The Strange Musician
I hated the message of The Strange Musician. Never mind that the message is quite accurate, I still hate it. The message is...
...people who do mean things and hurt people/animals are not always punished. Sometimes they are protected and even rewarded.
I sincerely really hated, to the very depths of my soul, telling my children that such things truly do happen. It was physically painful. I didn’t lie about it though. I told them that I thought it was wrong. I can only hope they realize that just because something happens doesn’t mean that we have to like or accept it.
The Good Bargain
The Good Bargain is a stupid person making a fool of themselves until they figure out how to fix the mess they created. Throwing money at frogs for croaking and then getting upset about it when the frogs don’t return the money! Literally! See with the exclamations, it’s like I’m behaving in the same way as that stupid person.
Let’s move on. Please. Because I kind of saved the worst for last. Kind of...
Faithful John, the last story of the week. A young, naive king tricks and kidnaps a princess because he’s in love with her. He is aided in his endeavors by Faithful John. Talk about the extreme version of a wing man!
John does all kinds of things to ensure the king gets to marry and live with the princess, who is totally cool with being kidnapped for love. John ends up turned to stone. Not turned into a stone. More like he becomes made of stone. A Faithful John statue. That's where the tale should end; and yet it does not...
Since this is a fairytale, of course it works and all is well. Faithful John is back and so are the kids.
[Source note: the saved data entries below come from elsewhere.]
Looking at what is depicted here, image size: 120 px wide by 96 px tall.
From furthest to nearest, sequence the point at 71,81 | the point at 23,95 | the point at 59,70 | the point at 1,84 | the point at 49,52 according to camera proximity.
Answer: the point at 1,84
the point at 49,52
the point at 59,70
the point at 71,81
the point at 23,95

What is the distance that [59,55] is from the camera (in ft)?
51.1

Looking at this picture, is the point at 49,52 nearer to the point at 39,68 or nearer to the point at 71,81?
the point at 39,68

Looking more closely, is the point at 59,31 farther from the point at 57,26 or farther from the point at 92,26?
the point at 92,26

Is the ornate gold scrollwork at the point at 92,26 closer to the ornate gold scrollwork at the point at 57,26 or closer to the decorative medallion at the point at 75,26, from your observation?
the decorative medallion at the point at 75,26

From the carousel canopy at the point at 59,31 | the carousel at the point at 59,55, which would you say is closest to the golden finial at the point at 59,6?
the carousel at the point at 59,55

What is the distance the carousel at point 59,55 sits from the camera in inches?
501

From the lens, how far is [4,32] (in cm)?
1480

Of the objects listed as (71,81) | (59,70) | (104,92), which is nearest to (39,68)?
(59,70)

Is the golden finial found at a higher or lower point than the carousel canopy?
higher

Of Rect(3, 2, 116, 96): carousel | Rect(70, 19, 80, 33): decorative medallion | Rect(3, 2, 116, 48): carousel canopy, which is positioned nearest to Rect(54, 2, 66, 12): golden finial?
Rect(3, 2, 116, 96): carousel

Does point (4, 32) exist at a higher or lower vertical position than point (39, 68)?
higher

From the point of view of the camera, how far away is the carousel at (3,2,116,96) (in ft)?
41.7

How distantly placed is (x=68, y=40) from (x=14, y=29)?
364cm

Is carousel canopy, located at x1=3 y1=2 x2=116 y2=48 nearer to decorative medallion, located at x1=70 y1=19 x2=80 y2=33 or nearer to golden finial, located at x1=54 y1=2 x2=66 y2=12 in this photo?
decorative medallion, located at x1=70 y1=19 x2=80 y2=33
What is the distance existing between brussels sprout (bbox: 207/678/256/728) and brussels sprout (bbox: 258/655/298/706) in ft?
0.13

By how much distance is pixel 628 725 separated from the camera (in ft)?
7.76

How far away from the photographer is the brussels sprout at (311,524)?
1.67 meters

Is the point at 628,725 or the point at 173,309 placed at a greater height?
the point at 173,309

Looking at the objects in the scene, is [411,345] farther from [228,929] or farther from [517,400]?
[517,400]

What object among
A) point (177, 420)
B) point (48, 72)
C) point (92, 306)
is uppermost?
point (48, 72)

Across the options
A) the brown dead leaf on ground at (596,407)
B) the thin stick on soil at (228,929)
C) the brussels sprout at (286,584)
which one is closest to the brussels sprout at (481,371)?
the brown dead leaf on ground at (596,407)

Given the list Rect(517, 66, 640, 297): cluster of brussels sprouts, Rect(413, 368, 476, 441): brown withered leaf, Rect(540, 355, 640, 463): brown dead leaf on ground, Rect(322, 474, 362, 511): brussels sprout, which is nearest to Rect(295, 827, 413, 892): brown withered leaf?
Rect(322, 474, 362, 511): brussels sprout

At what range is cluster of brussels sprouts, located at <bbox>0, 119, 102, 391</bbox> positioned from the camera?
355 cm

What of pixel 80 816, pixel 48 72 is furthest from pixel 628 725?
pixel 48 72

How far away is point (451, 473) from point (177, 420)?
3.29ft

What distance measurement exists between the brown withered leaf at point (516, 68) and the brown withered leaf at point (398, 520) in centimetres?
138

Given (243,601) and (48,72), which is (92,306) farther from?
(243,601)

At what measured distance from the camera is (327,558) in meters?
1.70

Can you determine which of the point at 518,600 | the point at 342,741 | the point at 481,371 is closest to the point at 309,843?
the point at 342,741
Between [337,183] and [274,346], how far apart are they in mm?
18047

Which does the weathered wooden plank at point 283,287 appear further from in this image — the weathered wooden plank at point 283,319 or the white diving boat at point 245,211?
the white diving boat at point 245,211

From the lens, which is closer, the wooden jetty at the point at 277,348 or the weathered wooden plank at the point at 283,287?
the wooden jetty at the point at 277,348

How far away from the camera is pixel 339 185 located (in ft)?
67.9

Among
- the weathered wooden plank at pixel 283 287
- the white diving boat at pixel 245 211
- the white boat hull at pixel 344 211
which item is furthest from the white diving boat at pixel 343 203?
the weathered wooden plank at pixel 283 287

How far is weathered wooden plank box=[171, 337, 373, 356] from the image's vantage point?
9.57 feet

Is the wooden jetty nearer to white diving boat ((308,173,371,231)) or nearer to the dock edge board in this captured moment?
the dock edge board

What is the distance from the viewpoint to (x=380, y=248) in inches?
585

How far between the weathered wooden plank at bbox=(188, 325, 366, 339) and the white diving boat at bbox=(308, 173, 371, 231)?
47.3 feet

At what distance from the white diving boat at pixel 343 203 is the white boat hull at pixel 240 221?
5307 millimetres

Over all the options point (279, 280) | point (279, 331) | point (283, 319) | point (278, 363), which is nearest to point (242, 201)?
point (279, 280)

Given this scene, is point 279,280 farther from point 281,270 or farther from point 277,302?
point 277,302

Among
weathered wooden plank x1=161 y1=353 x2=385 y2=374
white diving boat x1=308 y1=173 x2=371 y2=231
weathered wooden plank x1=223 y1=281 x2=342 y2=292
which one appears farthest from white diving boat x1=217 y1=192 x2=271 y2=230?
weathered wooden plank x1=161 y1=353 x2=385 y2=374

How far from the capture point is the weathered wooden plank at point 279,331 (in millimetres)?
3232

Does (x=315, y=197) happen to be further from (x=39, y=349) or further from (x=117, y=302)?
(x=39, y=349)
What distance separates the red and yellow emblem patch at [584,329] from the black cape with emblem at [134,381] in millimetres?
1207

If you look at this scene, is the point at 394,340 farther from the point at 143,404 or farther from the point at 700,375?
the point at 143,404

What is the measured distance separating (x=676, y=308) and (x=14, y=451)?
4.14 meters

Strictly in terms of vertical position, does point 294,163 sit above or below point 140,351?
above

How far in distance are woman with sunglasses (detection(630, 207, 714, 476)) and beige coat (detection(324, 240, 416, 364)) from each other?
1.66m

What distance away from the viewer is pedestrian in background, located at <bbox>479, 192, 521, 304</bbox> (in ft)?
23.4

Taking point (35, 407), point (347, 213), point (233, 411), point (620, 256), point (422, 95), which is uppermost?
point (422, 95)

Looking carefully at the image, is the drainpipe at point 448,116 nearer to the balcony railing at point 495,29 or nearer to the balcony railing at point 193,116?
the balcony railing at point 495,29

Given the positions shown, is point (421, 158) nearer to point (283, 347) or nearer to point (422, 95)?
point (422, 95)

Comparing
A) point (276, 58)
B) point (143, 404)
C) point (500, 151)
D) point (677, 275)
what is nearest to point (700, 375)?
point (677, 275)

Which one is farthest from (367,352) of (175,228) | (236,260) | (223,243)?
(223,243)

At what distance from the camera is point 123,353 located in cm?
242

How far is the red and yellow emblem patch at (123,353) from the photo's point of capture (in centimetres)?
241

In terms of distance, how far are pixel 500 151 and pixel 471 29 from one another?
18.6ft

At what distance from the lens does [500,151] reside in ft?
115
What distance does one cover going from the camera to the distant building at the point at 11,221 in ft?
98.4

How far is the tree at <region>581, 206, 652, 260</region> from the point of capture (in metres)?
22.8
They all live happily ever after.
If you want to read a completely unique take on the kids’ view of having been killed by their father, check out this book by Adam Gidwitz. Honestly, if you want to read a truly uniqued way of linking Faithful John to Hansel and Gretel, try out Adam's book, A Tale Dark & Grimm. It is lots of fun. Just don't plan to read it to young kids (even if it is in the Middle Grade or Young Adult section).
- The Twelve Brothers
- The Pack of Ragamuffins
- Little Brother and Little Sister
And remember to check out everyone else who's participating in the #GRIMMread2019 Challenge by clicking a link below.
What is it about Grimm Fairytales that people love?
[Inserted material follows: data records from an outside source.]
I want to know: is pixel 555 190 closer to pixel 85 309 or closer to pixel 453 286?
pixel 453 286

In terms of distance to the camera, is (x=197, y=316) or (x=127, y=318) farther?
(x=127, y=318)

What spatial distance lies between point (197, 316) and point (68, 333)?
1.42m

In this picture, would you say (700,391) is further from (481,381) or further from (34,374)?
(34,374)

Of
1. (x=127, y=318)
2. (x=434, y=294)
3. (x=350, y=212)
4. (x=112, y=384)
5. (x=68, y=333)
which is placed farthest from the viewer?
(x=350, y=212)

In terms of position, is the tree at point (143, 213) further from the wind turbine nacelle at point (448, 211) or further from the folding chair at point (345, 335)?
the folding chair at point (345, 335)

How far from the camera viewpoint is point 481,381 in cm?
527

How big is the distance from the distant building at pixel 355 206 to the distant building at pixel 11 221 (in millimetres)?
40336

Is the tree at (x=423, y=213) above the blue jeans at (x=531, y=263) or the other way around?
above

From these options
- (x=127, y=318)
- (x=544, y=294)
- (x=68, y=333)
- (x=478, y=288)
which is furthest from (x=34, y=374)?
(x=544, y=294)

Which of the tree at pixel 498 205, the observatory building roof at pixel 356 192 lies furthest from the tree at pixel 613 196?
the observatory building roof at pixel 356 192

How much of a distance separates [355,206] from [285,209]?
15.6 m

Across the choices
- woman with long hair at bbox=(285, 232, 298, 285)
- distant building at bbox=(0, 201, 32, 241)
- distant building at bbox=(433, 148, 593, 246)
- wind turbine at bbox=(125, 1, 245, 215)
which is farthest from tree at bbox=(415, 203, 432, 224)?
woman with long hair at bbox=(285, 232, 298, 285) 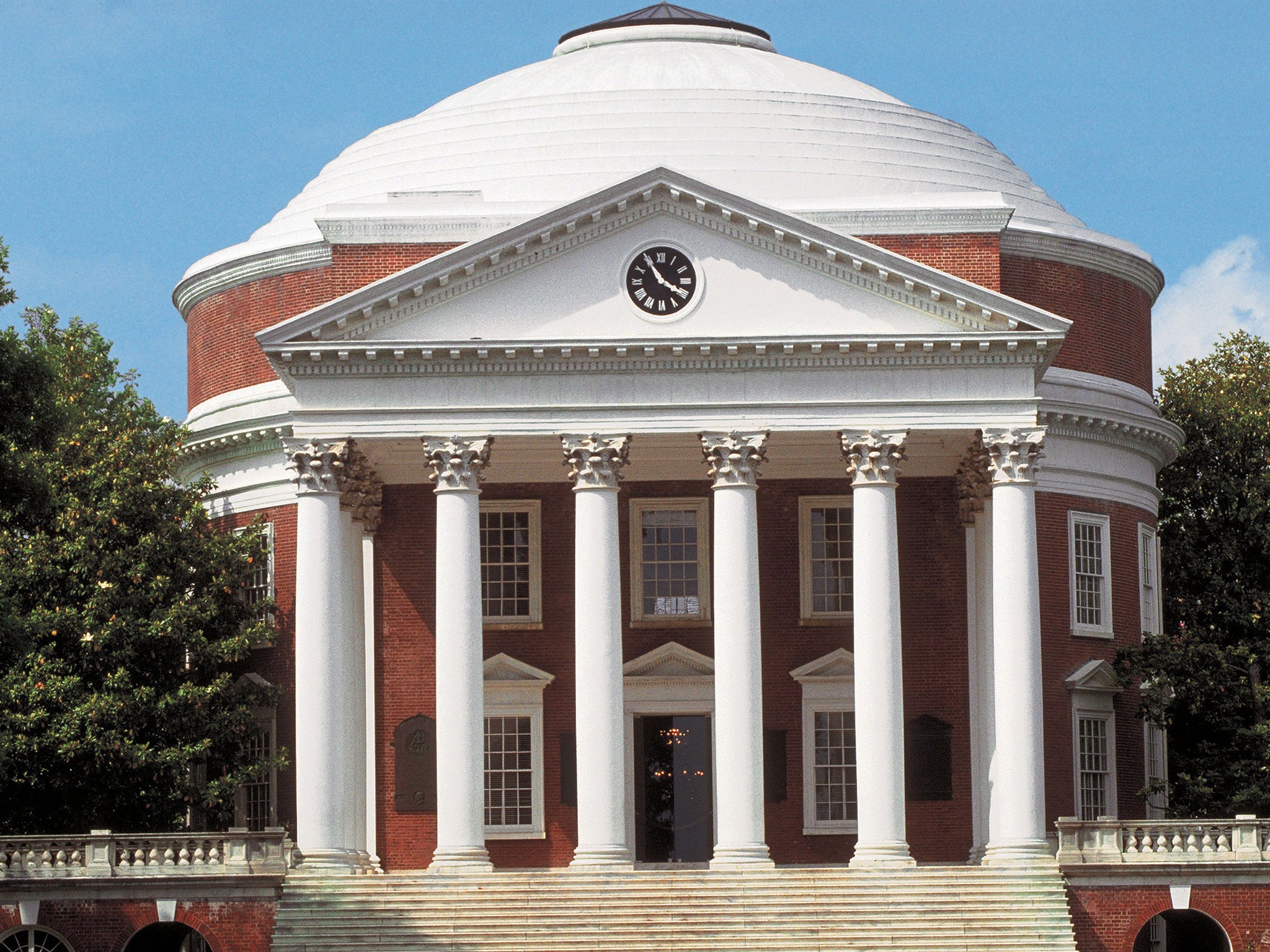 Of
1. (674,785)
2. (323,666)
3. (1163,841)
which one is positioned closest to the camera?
(1163,841)

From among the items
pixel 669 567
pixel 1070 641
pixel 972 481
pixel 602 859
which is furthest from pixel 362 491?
pixel 1070 641

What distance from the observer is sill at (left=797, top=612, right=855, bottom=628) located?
51969mm

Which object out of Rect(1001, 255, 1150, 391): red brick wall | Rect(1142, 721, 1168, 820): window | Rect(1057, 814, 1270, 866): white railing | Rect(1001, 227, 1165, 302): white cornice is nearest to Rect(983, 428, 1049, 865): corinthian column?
Rect(1057, 814, 1270, 866): white railing

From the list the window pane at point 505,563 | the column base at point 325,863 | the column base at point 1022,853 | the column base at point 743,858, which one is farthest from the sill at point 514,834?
the column base at point 1022,853

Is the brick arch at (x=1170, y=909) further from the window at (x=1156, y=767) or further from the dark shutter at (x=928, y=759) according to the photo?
the window at (x=1156, y=767)

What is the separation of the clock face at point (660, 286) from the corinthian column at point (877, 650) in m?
4.37

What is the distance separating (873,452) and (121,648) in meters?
16.9

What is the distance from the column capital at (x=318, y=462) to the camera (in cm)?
4653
I found them fairly unpleasant with sad and often harrowing messages. I’m remembering why I don’t read these fairytales.
This week we read The Frog Prince, Rapunzel (EG’s pick), Poverty and Humility Lead to Heaven, and Cat and Mouse in Partnership. Here’s our take aways:
Poverty and Humility Lead to Heaven…
…not sure that’s an accurate tale. They definitely led to a spot under the stairs where the king’s son died of virtual starvation. EG’s face was horrified. I think the only message she took from that is that people get treated badly and then they die.
The Frog Prince...
What was the message of The Frog Prince? It was not love conquers all. It came across as lie to get what you want. That’s not a message I want my kids internalizing.
Ah, yes, Rapunzel. It wasn’t on the list for the week, but EG picked it out herself. I’m sure she was expecting something like Tangled.
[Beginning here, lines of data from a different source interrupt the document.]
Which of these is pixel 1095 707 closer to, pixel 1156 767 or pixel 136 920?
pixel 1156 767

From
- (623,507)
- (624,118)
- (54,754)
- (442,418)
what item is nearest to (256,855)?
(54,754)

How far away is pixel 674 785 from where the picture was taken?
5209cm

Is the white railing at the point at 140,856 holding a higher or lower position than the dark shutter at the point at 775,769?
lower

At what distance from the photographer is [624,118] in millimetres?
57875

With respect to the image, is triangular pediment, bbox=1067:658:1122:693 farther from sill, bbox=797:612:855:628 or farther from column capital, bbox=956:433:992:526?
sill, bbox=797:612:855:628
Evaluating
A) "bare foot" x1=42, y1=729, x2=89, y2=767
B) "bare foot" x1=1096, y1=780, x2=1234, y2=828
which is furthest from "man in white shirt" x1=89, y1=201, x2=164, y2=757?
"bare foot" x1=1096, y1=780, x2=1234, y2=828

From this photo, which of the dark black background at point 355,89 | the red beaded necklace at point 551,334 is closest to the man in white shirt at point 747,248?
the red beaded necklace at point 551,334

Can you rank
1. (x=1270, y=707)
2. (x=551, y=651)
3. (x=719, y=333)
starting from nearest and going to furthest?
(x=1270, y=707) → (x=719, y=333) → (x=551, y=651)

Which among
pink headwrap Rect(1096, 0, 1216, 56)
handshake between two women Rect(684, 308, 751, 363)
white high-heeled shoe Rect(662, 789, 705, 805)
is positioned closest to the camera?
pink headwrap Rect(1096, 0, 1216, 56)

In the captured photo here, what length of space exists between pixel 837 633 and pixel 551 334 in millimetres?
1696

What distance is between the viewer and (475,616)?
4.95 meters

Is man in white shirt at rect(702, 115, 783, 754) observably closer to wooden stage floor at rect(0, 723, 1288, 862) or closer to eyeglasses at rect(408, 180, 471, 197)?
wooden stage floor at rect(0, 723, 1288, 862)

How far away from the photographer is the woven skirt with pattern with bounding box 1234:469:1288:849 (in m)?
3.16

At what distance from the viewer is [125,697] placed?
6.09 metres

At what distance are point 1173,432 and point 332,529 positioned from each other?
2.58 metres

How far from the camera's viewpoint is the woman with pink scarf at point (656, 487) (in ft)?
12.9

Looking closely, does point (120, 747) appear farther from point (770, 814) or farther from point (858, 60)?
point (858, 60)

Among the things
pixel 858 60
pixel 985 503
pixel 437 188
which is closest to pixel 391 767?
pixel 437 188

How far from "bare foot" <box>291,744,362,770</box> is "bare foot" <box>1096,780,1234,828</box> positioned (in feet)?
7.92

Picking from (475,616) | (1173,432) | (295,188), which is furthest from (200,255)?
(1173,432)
Be aware, the original Rapunzel story is nothing like the Disney version.
Let that sink in.
Message: the cost of quickly made promises can be steep.
The story continues with Rapunzel stuck in a tower alone and bored. Of course a handsome prince finds her and sneaks in. Immediate love. The sneaking continues and then Rapunzel lets slip that she’s been seeing someone behind Gothel’s back.
Punishment ensues. Magic tears fix everything. All EG cared about were Rapunzel’s twins.
Wait. You didn’t know that part, did you?
Yes, in the Grimm version, Rapunzel has a teen pregnancy that results in twins.
Message: sneaking around will get you pregnant, but don’t worry because he’ll definitely stay with you and give you a kingdom.
Hold your breath and wait for that to happen in real life.